# Dryer making LOUD noises



## gusfamily07 (Jun 30, 2011)

My Frigidaire Gas Dryer is making very loud noise when drying, almost like the hub inside is off balance. Do you have any suggestions what it would take to fix this?


----------



## firehawkmph (Dec 12, 2009)

Gus, 
just guessing without hearing or seeing it. One source of noise is the spring loaded idler pulley the belt runs around. If the shaft the pulley rides on doesn't have any lubrication and it runs dry, it may gall a bit causing the pulley to intermittenly bind and turn. When it binds, it changes the tension on the belt, which causes the idler assembly to pitch back and forth, causing a loud banging noise. To fix, take the pulley off and check the shaft for any galling.
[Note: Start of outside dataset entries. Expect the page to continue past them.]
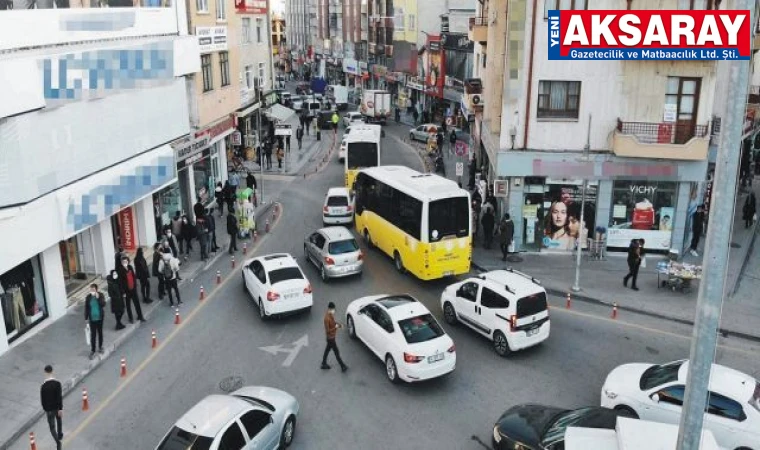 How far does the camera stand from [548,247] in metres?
25.6

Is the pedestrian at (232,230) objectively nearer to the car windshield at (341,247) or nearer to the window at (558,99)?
the car windshield at (341,247)

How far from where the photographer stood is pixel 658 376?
45.2 feet

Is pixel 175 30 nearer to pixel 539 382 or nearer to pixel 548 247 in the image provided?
pixel 548 247

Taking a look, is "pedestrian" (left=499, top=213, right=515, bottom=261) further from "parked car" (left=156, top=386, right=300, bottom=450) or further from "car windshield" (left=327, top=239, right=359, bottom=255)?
"parked car" (left=156, top=386, right=300, bottom=450)

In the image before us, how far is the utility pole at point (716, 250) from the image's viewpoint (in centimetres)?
779

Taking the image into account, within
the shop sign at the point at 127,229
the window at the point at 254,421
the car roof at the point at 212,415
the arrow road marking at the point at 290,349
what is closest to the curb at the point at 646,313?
the arrow road marking at the point at 290,349

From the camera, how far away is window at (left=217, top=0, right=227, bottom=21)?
31922 mm

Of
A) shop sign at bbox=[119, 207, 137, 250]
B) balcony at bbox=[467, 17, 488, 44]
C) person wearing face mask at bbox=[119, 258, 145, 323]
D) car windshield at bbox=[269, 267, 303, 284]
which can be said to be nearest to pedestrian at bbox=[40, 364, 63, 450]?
person wearing face mask at bbox=[119, 258, 145, 323]

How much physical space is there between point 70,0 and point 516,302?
51.0 ft

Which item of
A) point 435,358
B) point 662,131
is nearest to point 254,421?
point 435,358

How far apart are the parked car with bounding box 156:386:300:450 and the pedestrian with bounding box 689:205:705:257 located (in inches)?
730

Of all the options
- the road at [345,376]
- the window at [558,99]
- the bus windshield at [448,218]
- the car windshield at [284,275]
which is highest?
the window at [558,99]

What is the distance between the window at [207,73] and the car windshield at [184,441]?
70.4 ft

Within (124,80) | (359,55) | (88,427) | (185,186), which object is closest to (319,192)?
(185,186) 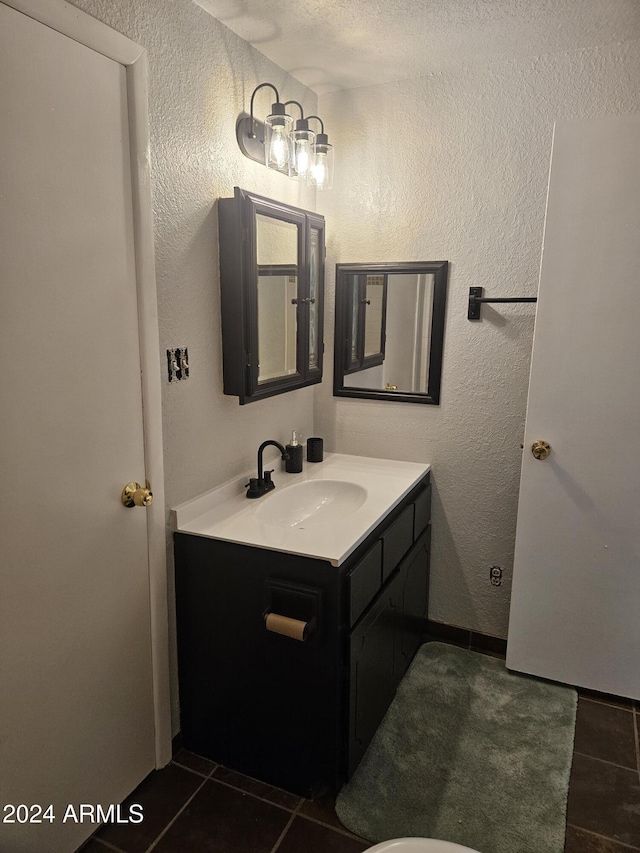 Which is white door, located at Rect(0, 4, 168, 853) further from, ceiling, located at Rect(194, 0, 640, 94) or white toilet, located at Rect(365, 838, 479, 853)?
white toilet, located at Rect(365, 838, 479, 853)

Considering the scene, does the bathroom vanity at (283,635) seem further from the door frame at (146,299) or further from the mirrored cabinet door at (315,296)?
the mirrored cabinet door at (315,296)

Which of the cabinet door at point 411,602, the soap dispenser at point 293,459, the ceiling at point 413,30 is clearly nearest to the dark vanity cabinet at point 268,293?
the soap dispenser at point 293,459

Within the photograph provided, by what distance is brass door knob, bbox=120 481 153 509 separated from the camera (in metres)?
1.58

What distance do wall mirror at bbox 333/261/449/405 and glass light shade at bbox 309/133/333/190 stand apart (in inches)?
15.1

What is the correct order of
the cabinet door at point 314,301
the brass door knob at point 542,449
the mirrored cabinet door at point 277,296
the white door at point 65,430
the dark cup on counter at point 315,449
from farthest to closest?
the dark cup on counter at point 315,449 < the cabinet door at point 314,301 < the brass door knob at point 542,449 < the mirrored cabinet door at point 277,296 < the white door at point 65,430

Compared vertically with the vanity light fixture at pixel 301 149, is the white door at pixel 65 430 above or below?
below

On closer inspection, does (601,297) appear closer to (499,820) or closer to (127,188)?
(127,188)

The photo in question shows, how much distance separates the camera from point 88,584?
4.92 ft

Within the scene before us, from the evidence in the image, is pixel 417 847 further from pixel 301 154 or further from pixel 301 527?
pixel 301 154

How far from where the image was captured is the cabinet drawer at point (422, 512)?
226 centimetres

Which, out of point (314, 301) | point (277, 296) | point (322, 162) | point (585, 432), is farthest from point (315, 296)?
point (585, 432)

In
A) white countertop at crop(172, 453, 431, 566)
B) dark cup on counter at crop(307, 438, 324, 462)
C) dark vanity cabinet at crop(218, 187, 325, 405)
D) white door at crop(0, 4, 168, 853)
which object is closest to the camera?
white door at crop(0, 4, 168, 853)

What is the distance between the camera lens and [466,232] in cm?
225

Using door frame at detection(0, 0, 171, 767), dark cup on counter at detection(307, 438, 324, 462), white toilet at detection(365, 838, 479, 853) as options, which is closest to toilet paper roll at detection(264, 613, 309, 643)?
door frame at detection(0, 0, 171, 767) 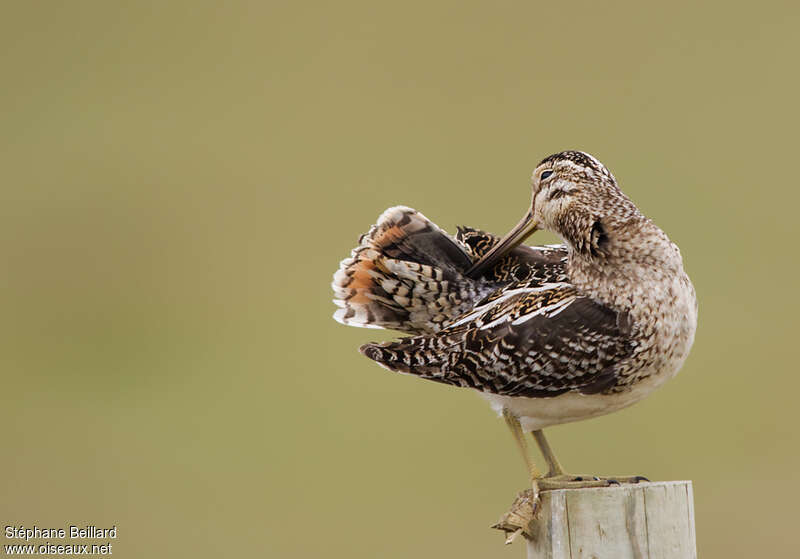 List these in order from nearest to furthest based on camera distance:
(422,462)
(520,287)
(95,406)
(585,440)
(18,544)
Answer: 1. (520,287)
2. (18,544)
3. (585,440)
4. (422,462)
5. (95,406)

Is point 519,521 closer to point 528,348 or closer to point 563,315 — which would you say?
point 528,348

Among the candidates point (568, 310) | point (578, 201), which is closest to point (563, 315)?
point (568, 310)

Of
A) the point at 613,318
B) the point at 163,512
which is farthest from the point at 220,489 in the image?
the point at 613,318

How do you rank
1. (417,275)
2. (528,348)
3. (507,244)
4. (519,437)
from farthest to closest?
(417,275)
(507,244)
(519,437)
(528,348)

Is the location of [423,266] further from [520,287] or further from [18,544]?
[18,544]

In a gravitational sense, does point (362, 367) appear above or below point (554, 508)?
above

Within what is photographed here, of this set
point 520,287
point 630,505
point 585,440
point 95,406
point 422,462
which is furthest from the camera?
point 95,406

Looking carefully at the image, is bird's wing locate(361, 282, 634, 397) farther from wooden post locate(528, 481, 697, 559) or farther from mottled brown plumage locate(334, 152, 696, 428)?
wooden post locate(528, 481, 697, 559)

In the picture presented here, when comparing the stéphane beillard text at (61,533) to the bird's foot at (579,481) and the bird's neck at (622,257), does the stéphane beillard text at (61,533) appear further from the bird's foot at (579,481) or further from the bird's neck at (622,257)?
the bird's neck at (622,257) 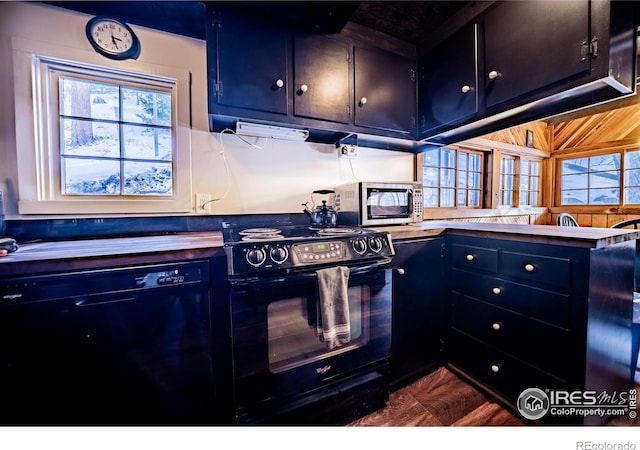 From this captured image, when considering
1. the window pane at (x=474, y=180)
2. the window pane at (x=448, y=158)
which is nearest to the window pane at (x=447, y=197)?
the window pane at (x=448, y=158)

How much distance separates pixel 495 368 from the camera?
4.75ft

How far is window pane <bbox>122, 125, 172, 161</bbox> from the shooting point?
160cm

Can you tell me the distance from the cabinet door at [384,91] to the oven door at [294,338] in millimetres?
1064

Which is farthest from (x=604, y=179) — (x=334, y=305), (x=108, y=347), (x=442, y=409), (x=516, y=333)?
(x=108, y=347)

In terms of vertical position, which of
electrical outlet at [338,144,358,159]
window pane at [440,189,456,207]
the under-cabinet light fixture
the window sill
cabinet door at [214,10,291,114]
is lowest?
the window sill

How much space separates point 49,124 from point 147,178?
0.52 metres

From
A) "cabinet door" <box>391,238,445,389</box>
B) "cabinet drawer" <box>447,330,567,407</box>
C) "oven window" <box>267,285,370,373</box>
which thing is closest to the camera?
"oven window" <box>267,285,370,373</box>

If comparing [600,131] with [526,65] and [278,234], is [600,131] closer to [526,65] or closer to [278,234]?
[526,65]

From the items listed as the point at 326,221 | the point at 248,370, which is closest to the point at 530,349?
the point at 326,221

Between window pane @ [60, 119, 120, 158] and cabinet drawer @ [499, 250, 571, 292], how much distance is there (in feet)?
7.90

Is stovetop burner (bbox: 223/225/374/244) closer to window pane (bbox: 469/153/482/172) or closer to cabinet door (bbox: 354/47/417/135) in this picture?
cabinet door (bbox: 354/47/417/135)

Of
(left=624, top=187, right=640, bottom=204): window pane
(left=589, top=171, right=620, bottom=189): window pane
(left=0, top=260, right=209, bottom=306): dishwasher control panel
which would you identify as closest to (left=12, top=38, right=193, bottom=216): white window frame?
(left=0, top=260, right=209, bottom=306): dishwasher control panel

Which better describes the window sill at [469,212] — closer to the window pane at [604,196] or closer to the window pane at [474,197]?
the window pane at [474,197] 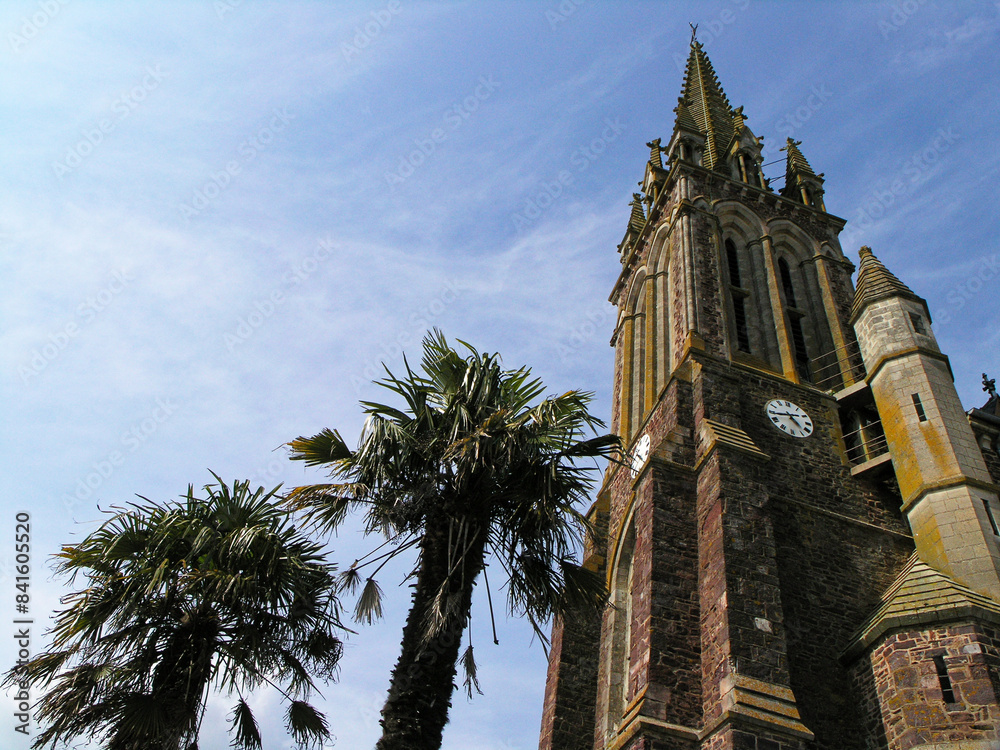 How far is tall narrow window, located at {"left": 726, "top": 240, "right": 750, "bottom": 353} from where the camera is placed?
21734 mm

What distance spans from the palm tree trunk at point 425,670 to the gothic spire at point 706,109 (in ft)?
78.9

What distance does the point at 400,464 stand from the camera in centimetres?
966

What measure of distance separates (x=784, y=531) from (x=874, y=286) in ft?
26.1


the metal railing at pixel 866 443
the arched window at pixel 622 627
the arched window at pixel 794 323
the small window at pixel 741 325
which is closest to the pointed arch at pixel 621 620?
the arched window at pixel 622 627

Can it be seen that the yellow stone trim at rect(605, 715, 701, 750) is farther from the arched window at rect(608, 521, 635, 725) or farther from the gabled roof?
the gabled roof

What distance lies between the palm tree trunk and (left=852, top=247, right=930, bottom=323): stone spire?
590 inches

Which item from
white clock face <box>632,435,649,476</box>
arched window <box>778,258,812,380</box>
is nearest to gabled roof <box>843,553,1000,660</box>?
white clock face <box>632,435,649,476</box>

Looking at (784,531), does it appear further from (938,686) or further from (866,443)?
(938,686)

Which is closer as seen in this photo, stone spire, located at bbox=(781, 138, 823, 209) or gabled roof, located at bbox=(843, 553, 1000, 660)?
gabled roof, located at bbox=(843, 553, 1000, 660)

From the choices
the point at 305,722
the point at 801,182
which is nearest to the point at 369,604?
the point at 305,722

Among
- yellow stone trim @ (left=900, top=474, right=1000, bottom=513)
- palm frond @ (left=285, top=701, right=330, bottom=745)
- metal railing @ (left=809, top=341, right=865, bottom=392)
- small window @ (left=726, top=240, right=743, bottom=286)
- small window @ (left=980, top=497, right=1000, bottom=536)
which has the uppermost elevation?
small window @ (left=726, top=240, right=743, bottom=286)

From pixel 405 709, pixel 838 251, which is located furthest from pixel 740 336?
pixel 405 709

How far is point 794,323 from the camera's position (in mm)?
23312

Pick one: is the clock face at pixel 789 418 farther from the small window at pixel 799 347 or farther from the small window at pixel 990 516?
the small window at pixel 990 516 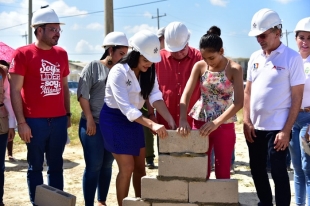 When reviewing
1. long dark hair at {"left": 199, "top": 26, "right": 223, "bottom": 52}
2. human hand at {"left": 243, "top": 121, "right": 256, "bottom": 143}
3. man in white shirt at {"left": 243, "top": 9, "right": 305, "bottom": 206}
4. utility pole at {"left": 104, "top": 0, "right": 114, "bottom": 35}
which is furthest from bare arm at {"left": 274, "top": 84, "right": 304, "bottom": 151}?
utility pole at {"left": 104, "top": 0, "right": 114, "bottom": 35}

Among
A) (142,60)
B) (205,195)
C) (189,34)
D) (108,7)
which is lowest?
(205,195)

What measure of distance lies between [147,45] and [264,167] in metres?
1.52

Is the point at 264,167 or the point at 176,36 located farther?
the point at 176,36

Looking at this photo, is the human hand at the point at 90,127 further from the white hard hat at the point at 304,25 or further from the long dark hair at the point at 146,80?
the white hard hat at the point at 304,25

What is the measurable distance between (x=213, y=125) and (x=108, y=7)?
690 cm

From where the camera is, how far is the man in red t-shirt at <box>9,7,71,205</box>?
4035mm

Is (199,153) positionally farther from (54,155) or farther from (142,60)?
(54,155)

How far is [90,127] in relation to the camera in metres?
4.25

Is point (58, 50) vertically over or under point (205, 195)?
over

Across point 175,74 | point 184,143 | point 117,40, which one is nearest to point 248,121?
point 184,143

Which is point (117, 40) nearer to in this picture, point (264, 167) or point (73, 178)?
point (264, 167)

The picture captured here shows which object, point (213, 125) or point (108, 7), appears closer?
point (213, 125)

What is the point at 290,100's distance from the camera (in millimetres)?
3688

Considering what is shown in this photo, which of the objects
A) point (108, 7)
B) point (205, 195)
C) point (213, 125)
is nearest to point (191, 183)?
point (205, 195)
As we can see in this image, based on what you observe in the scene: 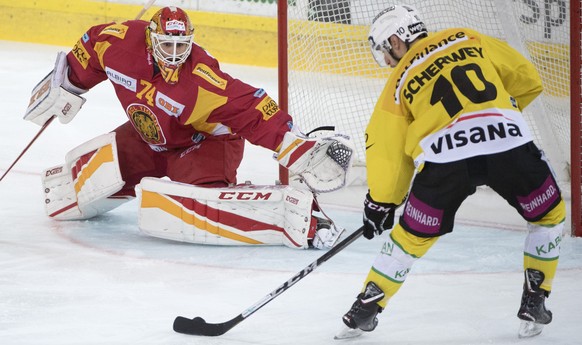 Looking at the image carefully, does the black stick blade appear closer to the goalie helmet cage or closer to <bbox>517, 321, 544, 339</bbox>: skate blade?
<bbox>517, 321, 544, 339</bbox>: skate blade

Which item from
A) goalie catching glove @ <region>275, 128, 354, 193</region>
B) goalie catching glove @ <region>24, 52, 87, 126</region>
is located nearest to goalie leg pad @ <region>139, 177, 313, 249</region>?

Take some fine emery cloth and get rid of any burrs and polish up the shaft where the pulley rides. Check the hole in the pulley for any burrs, sand lightly if there are until smooth. Put a very small amount of high temp grease on the shaft where the pulley rides. Just a thin film is all you want. Shaft should turn smoothly without any binding. Re-assemble and the noise should be gone.
Mike Hawkins


----------



## hardwareman (Oct 9, 2010)

Frigidaire dryers are noted for bad rear bearings. Put new bearing in and all will be well.


----------